In the post-Christmas shopping days I went to the store like many others. Was going thru the aisles just like the other customers in the store. Saw a lady leaning on her basket, looked distressed. She was older, slight- seemed like she’d blow away like a feather if you moved by her too fast.  I paused about a third of the way down the aisle and looked back- she was still standing there. Another lady came up to her and talked with her as if she knew her.  I continued on to finish my shopping and went to the check out. I found myself behind the same lady, who was by now in a wheelchair cart. There were three employees standing by, anxiously watching her. She was on the phone talking with someone quietly. She finished her call as the clerk was completing ringing up the lady’s purchase. By this time she was tearful, apologetic, reassured the clerks repeatedly that she was ok, that she was fine to go to her car and wait for someone to drive her home. An employee called for another employee to accompany the lady to her car. Then the clerks were apologizing to me for taking longer than they felt necessary to serve me.

 

 

Now, all this time I had the feeling that I should be concerned in some way for the poor lady who was in distress.  Why had I happened down the aisle she had been on? Why did I notice her distress? Why did I happen to get in line behind her?

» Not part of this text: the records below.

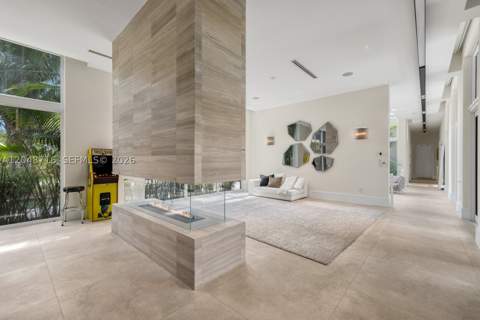 12900 SW 63rd Ave, Pinecrest FL - photo 17 of 55
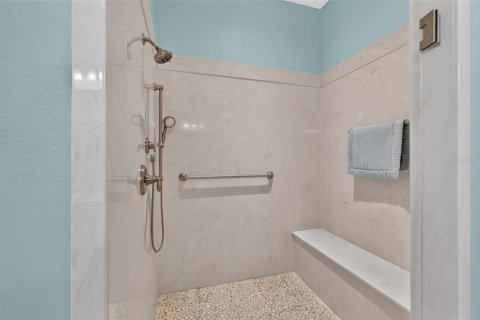 Купить виллу или дом в Окала, Флорида 11 комнат, 224.36м2, № 2390812 - фото 15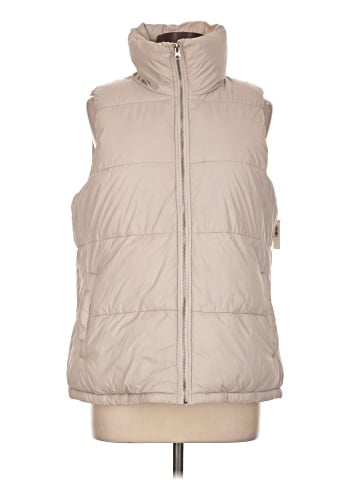 Old Navy Vest (view 1)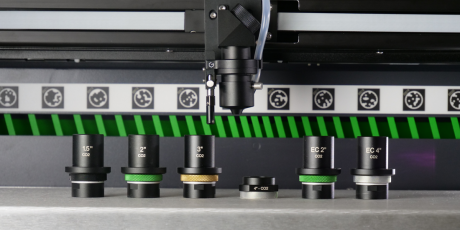 Click Lenses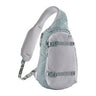 Atom Sling 8L
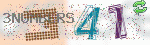 captcha_img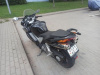 Honda VFR, 2002 г.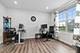 3324 Sage, Mundelein, IL 60060
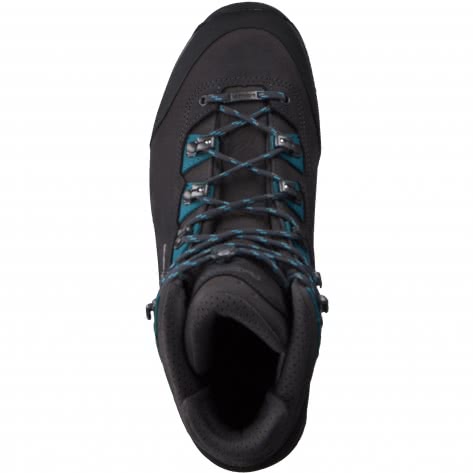 Lowa Damen Trekkingschuhe MAURIA EVO GTX 220721 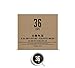 Real Good Coffee Co Variety Pack Coffee K Cups 36 Count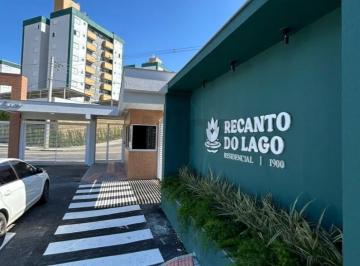 Foto 14 · Apartamento 2 dormitórios Recanto do Lago Criciúma
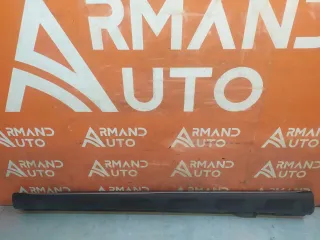 A21369835007C45, A2136905303 накладка порога Mercedes CLA c117 Арт 188814PM, вид 1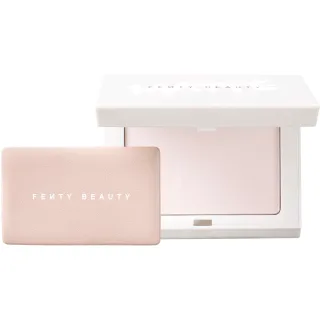 Fenty Beauty Invisimatte Instant Setting + Blotting Powder Talc-Free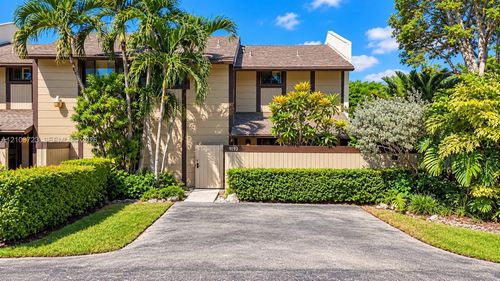 9193 Sw 128th Ln, Miami, FL, 33176 | Card Image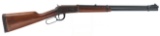 WINCHESTER MODEL 94 .32 WIN. SPL CALIBER CARBINE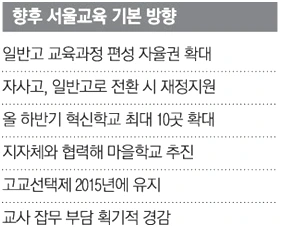 7zsyadieTALDBoQcj67BdcKSdFNR_tcEBudJD741_rSiVqqyYgSW5WiB-SSo4c87DdXQDagJcnTtWgVQTvd9cQReku7AAO86LF05MoClP98vLD4yOsw_R8woxGnlAAqN9z-b5gs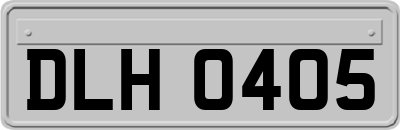 DLH0405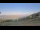 Webcam in Les Angles, 6.5 km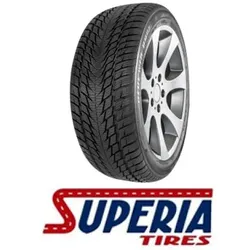 Superia Bluewin UHP 2 XL 235/35 R19 91V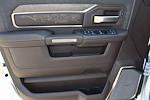 New 2025 Ram 3500 Longhorn Mega Cab 4x4 Pickup for sale #25519 - photo 31
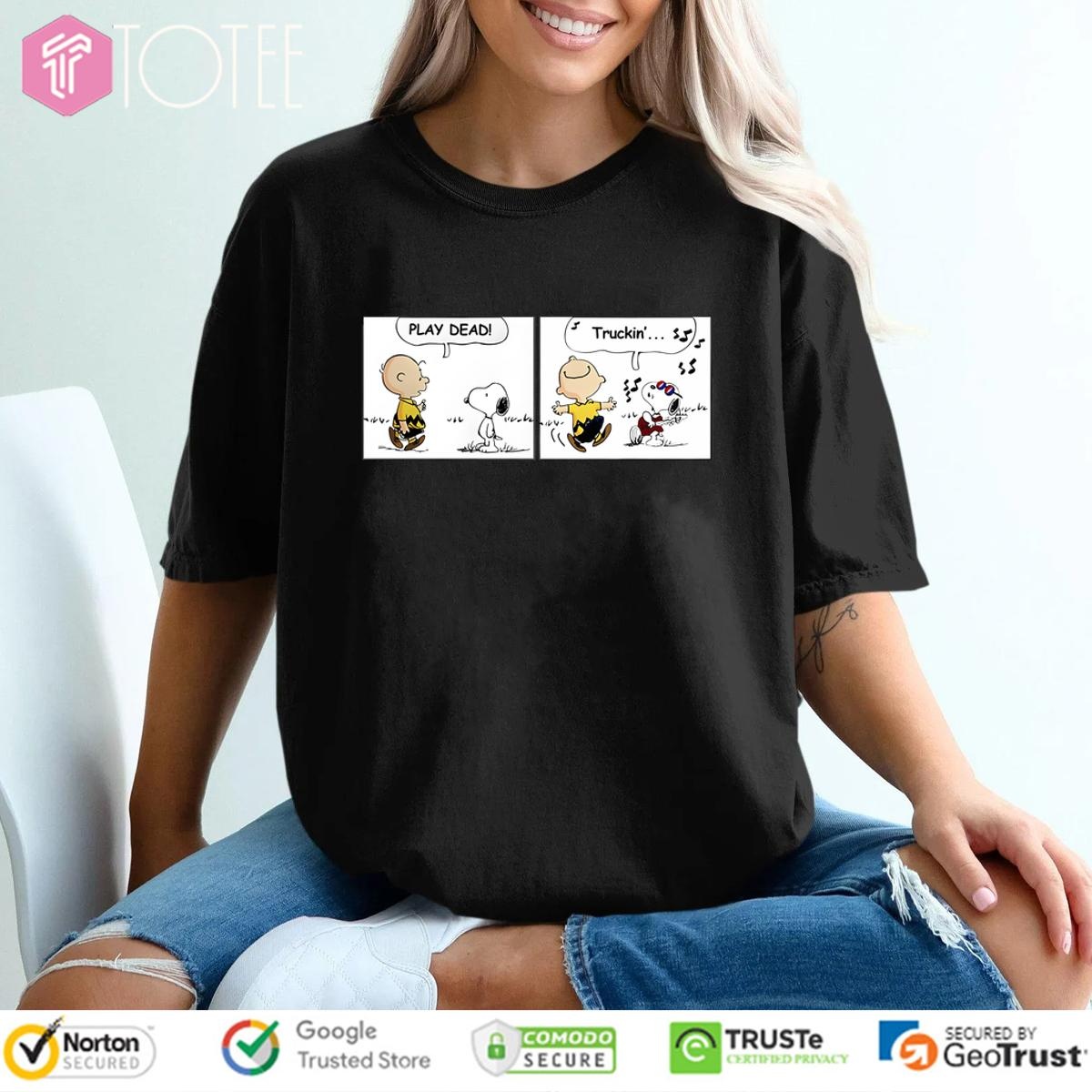 Women's Shirt Women's Shirt
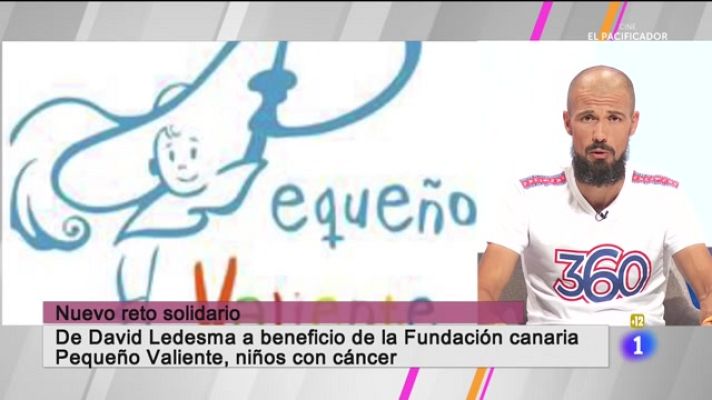 Cerca de ti - Cerca de ti - 18/05/2022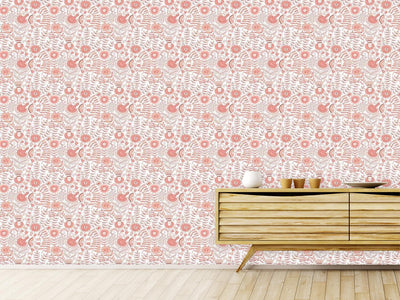 patterned-wallpaper-il-paradiso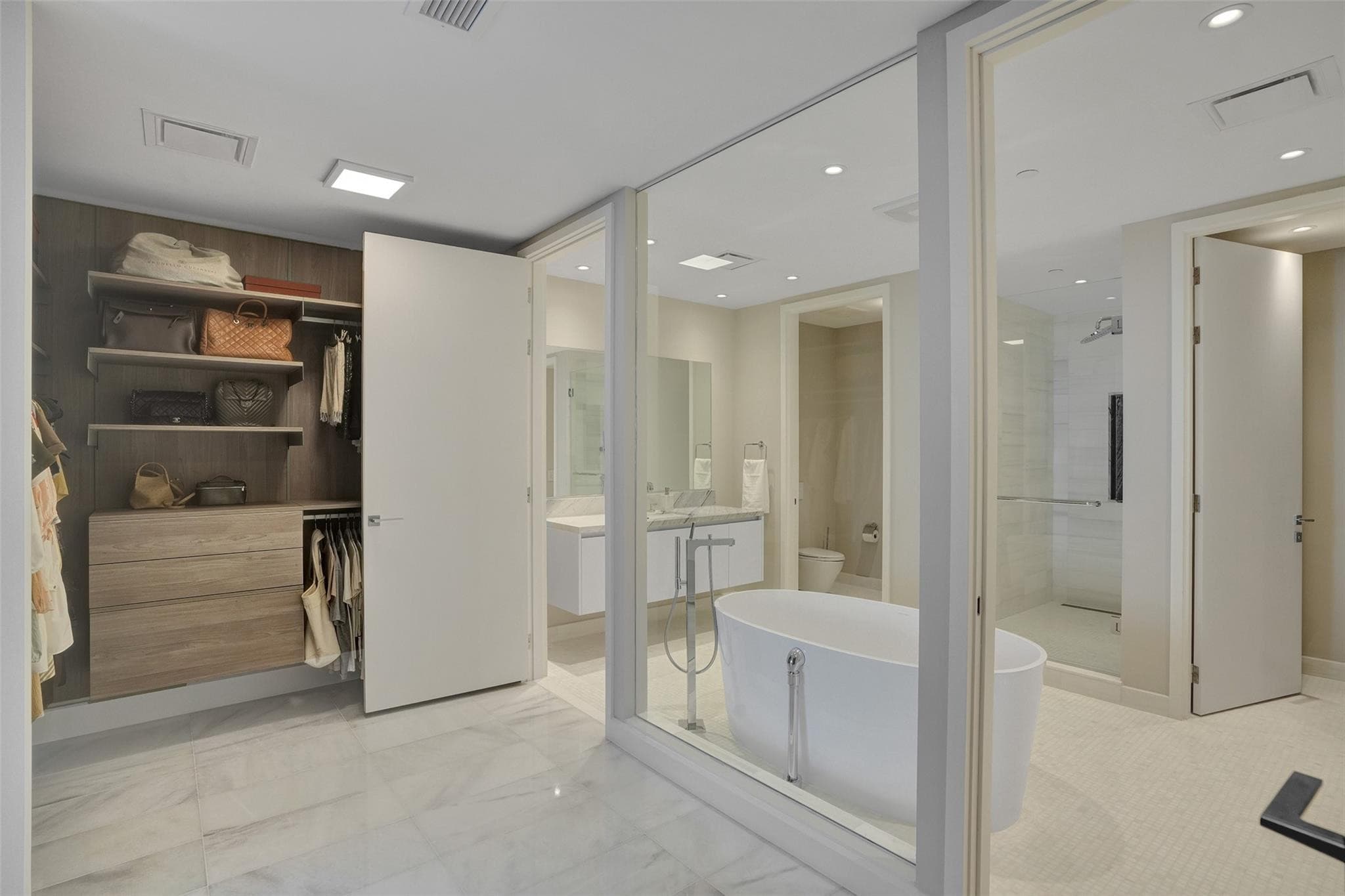 700 NE 26th Terrace 4702, Miami, FL 33137 — photo 18 of 44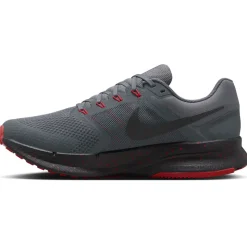 Nike Run Swift 3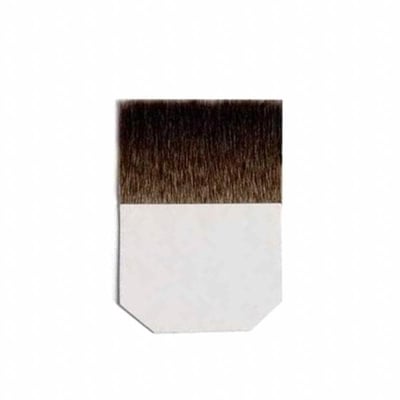 Pinceau a dorer sa 0113 b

Should I have stopped to enquire as to her well-being?  Should I have offered to accompany her to her car? Should I have offered to drive her home?  And were all of these questions that arose a nudge by the Holy Spirit?  I’m not sure- but I feel like they were.  Either that or it’s an over aware sense of responsibility for others who are not well because I’m a nurse.

 

The argument, if there is one, could been argued from several directions…. And that’s what’s put me in a quandary.  Do I justify my actions to myself by using the latter statement and does that absolve me of accountability before God? Or, do I admit, which is what I think is true, that the Holy Spirit wanted me to step into the situation?  The guilt, the sheepishness that I feel, is it a feeling or is it guilt?  Or is it a missed opportunity to serve another?

 

Mordecai was right when he told Esther: “Do not think that because you are in the king’s house you alone of the Jews will escape. For if you remain silent at this time, relief and deliverance for the Jews will arise from another place, but you and your father’s family will perish.  And who knows but that you have come to your royal position for such a time as this?” Esther 4:13-14

 

 Whenever, I have refused the Holy Spirit and caused him Sorrow, these verses come to mind like the headlines of a newspaper. God indeed raised up others to serve the lady. She was cared for, but not by me. What blessing did I miss again by not being obedient?  I will never know.

 

I’d like to think that I will not miss the next cue by the Holy Spirit; however, I do know myself well enough to realize that it’s a real possibility.  What is it that makes me shrink back from some risks that I feel I was meant to take?  And, what will it take to get me to step out into the uncomfortable (for me) unknown when I do step out at other times?

 Don’t have an answer yet defined for this. But I’ll stop with this quote from Beth Moore- “Sometimes you can tell the degree to which we’re trying to be God over our own lives, by the degree of heaviness in our hearts, because it is a load to take on God’s job.”